▶ [Problem details]: All entries are to be given again verbatim.

============

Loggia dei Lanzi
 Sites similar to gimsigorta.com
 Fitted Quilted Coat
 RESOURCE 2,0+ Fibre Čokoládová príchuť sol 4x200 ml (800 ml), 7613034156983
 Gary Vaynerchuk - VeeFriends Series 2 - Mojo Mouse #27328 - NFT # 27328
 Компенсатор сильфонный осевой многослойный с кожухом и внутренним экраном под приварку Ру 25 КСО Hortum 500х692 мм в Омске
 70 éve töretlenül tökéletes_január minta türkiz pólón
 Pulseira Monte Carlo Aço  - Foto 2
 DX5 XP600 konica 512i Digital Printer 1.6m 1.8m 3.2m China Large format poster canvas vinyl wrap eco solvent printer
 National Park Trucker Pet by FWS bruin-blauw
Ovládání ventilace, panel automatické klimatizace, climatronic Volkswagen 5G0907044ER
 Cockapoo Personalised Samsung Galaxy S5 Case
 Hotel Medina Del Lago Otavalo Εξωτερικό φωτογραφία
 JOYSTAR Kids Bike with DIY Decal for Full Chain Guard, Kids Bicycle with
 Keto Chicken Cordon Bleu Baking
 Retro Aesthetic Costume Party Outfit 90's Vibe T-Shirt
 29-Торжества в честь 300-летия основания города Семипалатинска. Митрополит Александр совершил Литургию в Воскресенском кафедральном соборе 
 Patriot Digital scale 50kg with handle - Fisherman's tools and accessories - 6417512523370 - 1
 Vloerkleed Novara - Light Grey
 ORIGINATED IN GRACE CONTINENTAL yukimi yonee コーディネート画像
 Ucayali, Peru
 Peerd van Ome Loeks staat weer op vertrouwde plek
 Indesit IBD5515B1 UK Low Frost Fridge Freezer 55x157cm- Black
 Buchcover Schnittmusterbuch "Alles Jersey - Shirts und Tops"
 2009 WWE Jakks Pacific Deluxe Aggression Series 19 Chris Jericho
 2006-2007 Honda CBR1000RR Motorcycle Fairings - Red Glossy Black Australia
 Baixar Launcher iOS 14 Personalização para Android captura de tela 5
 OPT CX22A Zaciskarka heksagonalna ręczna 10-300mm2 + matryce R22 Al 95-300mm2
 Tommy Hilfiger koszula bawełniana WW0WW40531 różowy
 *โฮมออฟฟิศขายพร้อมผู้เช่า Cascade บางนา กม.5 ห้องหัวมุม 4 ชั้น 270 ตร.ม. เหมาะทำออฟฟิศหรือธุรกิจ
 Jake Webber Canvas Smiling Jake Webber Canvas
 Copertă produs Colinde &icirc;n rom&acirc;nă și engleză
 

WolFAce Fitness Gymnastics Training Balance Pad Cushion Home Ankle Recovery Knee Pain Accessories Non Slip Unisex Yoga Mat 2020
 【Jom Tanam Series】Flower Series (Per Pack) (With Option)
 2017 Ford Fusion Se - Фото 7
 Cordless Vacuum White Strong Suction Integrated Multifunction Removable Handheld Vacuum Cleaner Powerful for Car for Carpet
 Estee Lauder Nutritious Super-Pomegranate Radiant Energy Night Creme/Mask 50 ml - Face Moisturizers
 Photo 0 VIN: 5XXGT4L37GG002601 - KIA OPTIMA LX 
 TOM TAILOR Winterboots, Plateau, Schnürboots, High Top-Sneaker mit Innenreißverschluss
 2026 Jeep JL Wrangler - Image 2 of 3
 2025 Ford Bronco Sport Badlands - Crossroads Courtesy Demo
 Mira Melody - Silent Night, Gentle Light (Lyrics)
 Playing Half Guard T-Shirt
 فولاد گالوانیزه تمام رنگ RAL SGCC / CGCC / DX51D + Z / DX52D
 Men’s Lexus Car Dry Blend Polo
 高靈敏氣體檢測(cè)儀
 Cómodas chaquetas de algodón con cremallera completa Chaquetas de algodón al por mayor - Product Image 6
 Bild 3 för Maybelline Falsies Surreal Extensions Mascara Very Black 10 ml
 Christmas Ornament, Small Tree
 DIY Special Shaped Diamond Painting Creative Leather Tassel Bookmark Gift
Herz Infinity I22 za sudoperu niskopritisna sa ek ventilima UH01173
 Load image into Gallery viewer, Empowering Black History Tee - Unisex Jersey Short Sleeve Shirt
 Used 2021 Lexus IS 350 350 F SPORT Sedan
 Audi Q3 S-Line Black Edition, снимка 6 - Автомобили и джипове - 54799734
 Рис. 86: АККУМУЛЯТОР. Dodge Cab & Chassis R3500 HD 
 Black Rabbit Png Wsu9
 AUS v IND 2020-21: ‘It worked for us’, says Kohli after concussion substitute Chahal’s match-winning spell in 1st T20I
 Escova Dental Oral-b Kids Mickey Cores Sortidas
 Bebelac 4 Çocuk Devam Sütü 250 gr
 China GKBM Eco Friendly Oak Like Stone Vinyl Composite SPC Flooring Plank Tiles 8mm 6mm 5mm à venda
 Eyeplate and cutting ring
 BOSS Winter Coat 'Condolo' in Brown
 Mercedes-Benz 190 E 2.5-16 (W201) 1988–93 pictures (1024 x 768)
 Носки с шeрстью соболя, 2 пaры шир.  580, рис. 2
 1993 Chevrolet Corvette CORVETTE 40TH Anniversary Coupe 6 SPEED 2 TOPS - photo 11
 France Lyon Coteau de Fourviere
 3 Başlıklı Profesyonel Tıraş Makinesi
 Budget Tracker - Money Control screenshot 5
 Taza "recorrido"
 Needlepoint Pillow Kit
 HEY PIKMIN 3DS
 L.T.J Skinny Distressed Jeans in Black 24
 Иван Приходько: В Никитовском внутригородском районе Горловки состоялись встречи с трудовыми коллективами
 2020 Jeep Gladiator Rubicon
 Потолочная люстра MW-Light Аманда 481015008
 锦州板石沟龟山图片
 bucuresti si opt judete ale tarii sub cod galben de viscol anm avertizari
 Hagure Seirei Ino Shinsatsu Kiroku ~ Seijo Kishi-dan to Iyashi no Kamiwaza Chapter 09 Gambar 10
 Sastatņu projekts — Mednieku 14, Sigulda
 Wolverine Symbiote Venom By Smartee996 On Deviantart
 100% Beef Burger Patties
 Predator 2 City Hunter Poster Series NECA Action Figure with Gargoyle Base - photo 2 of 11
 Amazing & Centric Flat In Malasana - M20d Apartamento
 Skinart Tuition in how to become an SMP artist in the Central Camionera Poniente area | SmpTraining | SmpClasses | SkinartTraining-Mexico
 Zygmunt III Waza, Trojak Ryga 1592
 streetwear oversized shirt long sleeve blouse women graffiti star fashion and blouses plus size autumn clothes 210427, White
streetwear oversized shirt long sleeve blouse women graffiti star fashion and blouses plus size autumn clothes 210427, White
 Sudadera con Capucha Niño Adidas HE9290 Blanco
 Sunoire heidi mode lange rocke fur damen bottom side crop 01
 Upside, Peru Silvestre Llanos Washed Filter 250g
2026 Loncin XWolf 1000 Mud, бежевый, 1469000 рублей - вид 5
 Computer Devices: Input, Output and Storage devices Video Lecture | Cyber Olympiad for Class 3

============

▶ [Exercise output]:
Loggia dei Lanzi
 Sites similar to gimsigorta.com
 Fitted Quilted Coat
 RESOURCE 2,0+ Fibre Čokoládová príchuť sol 4x200 ml (800 ml), 7613034156983
 Gary Vaynerchuk - VeeFriends Series 2 - Mojo Mouse #27328 - NFT # 27328
 Компенсатор сильфонный осевой многослойный с кожухом и внутренним экраном под приварку Ру 25 КСО Hortum 500х692 мм в Омске
 70 éve töretlenül tökéletes_január minta türkiz pólón
 Pulseira Monte Carlo Aço  - Foto 2
 DX5 XP600 konica 512i Digital Printer 1.6m 1.8m 3.2m China Large format poster canvas vinyl wrap eco solvent printer
 National Park Trucker Pet by FWS bruin-blauw
Ovládání ventilace, panel automatické klimatizace, climatronic Volkswagen 5G0907044ER
 Cockapoo Personalised Samsung Galaxy S5 Case
 Hotel Medina Del Lago Otavalo Εξωτερικό φωτογραφία
 JOYSTAR Kids Bike with DIY Decal for Full Chain Guard, Kids Bicycle with
 Keto Chicken Cordon Bleu Baking
 Retro Aesthetic Costume Party Outfit 90's Vibe T-Shirt
 29-Торжества в честь 300-летия основания города Семипалатинска. Митрополит Александр совершил Литургию в Воскресенском кафедральном соборе 
 Patriot Digital scale 50kg with handle - Fisherman's tools and accessories - 6417512523370 - 1
 Vloerkleed Novara - Light Grey
 ORIGINATED IN GRACE CONTINENTAL yukimi yonee コーディネート画像
 Ucayali, Peru
 Peerd van Ome Loeks staat weer op vertrouwde plek
 Indesit IBD5515B1 UK Low Frost Fridge Freezer 55x157cm- Black
 Buchcover Schnittmusterbuch "Alles Jersey - Shirts und Tops"
 2009 WWE Jakks Pacific Deluxe Aggression Series 19 Chris Jericho
 2006-2007 Honda CBR1000RR Motorcycle Fairings - Red Glossy Black Australia
 Baixar Launcher iOS 14 Personalização para Android captura de tela 5
 OPT CX22A Zaciskarka heksagonalna ręczna 10-300mm2 + matryce R22 Al 95-300mm2
 Tommy Hilfiger koszula bawełniana WW0WW40531 różowy
 *โฮมออฟฟิศขายพร้อมผู้เช่า Cascade บางนา กม.5 ห้องหัวมุม 4 ชั้น 270 ตร.ม. เหมาะทำออฟฟิศหรือธุรกิจ
 Jake Webber Canvas Smiling Jake Webber Canvas
 Copertă produs Colinde &icirc;n rom&acirc;nă și engleză
 

WolFAce Fitness Gymnastics Training Balance Pad Cushion Home Ankle Recovery Knee Pain Accessories Non Slip Unisex Yoga Mat 2020
 【Jom Tanam Series】Flower Series (Per Pack) (With Option)
 2017 Ford Fusion Se - Фото 7
 Cordless Vacuum White Strong Suction Integrated Multifunction Removable Handheld Vacuum Cleaner Powerful for Car for Carpet
 Estee Lauder Nutritious Super-Pomegranate Radiant Energy Night Creme/Mask 50 ml - Face Moisturizers
 Photo 0 VIN: 5XXGT4L37GG002601 - KIA OPTIMA LX 
 TOM TAILOR Winterboots, Plateau, Schnürboots, High Top-Sneaker mit Innenreißverschluss
 2026 Jeep JL Wrangler - Image 2 of 3
 2025 Ford Bronco Sport Badlands - Crossroads Courtesy Demo
 Mira Melody - Silent Night, Gentle Light (Lyrics)
 Playing Half Guard T-Shirt
 فولاد گالوانیزه تمام رنگ RAL SGCC / CGCC / DX51D + Z / DX52D
 Men’s Lexus Car Dry Blend Polo
 高靈敏氣體檢測(cè)儀
 Cómodas chaquetas de algodón con cremallera completa Chaquetas de algodón al por mayor - Product Image 6
 Bild 3 för Maybelline Falsies Surreal Extensions Mascara Very Black 10 ml
 Christmas Ornament, Small Tree
 DIY Special Shaped Diamond Painting Creative Leather Tassel Bookmark Gift
Herz Infinity I22 za sudoperu niskopritisna sa ek ventilima UH01173
 Load image into Gallery viewer, Empowering Black History Tee - Unisex Jersey Short Sleeve Shirt
 Used 2021 Lexus IS 350 350 F SPORT Sedan
 Audi Q3 S-Line Black Edition, снимка 6 - Автомобили и джипове - 54799734
 Рис. 86: АККУМУЛЯТОР. Dodge Cab & Chassis R3500 HD 
 Black Rabbit Png Wsu9
 AUS v IND 2020-21: ‘It worked for us’, says Kohli after concussion substitute Chahal’s match-winning spell in 1st T20I
 Escova Dental Oral-b Kids Mickey Cores Sortidas
 Bebelac 4 Çocuk Devam Sütü 250 gr
 China GKBM Eco Friendly Oak Like Stone Vinyl Composite SPC Flooring Plank Tiles 8mm 6mm 5mm à venda
 Eyeplate and cutting ring
 BOSS Winter Coat 'Condolo' in Brown
 Mercedes-Benz 190 E 2.5-16 (W201) 1988–93 pictures (1024 x 768)
 Носки с шeрстью соболя, 2 пaры шир.  580, рис. 2
 1993 Chevrolet Corvette CORVETTE 40TH Anniversary Coupe 6 SPEED 2 TOPS - photo 11
 France Lyon Coteau de Fourviere
 3 Başlıklı Profesyonel Tıraş Makinesi
 Budget Tracker - Money Control screenshot 5
 Taza "recorrido"
 Needlepoint Pillow Kit
 HEY PIKMIN 3DS
 L.T.J Skinny Distressed Jeans in Black 24
 Иван Приходько: В Никитовском внутригородском районе Горловки состоялись встречи с трудовыми коллективами
 2020 Jeep Gladiator Rubicon
 Потолочная люстра MW-Light Аманда 481015008
 锦州板石沟龟山图片
 bucuresti si opt judete ale tarii sub cod galben de viscol anm avertizari
 Hagure Seirei Ino Shinsatsu Kiroku ~ Seijo Kishi-dan to Iyashi no Kamiwaza Chapter 09 Gambar 10
 Sastatņu projekts — Mednieku 14, Sigulda
 Wolverine Symbiote Venom By Smartee996 On Deviantart
 100% Beef Burger Patties
 Predator 2 City Hunter Poster Series NECA Action Figure with Gargoyle Base - photo 2 of 11
 Amazing & Centric Flat In Malasana - M20d Apartamento
 Skinart Tuition in how to become an SMP artist in the Central Camionera Poniente area | SmpTraining | SmpClasses | SkinartTraining-Mexico
 Zygmunt III Waza, Trojak Ryga 1592
 streetwear oversized shirt long sleeve blouse women graffiti star fashion and blouses plus size autumn clothes 210427, White
streetwear oversized shirt long sleeve blouse women graffiti star fashion and blouses plus size autumn clothes 210427, White
 Sudadera con Capucha Niño Adidas HE9290 Blanco
 Sunoire heidi mode lange rocke fur damen bottom side crop 01
 Upside, Peru Silvestre Llanos Washed Filter 250g
2026 Loncin XWolf 1000 Mud, бежевый, 1469000 рублей - вид 5
 Computer Devices: Input, Output and Storage devices Video Lecture | Cyber Olympiad for Class 3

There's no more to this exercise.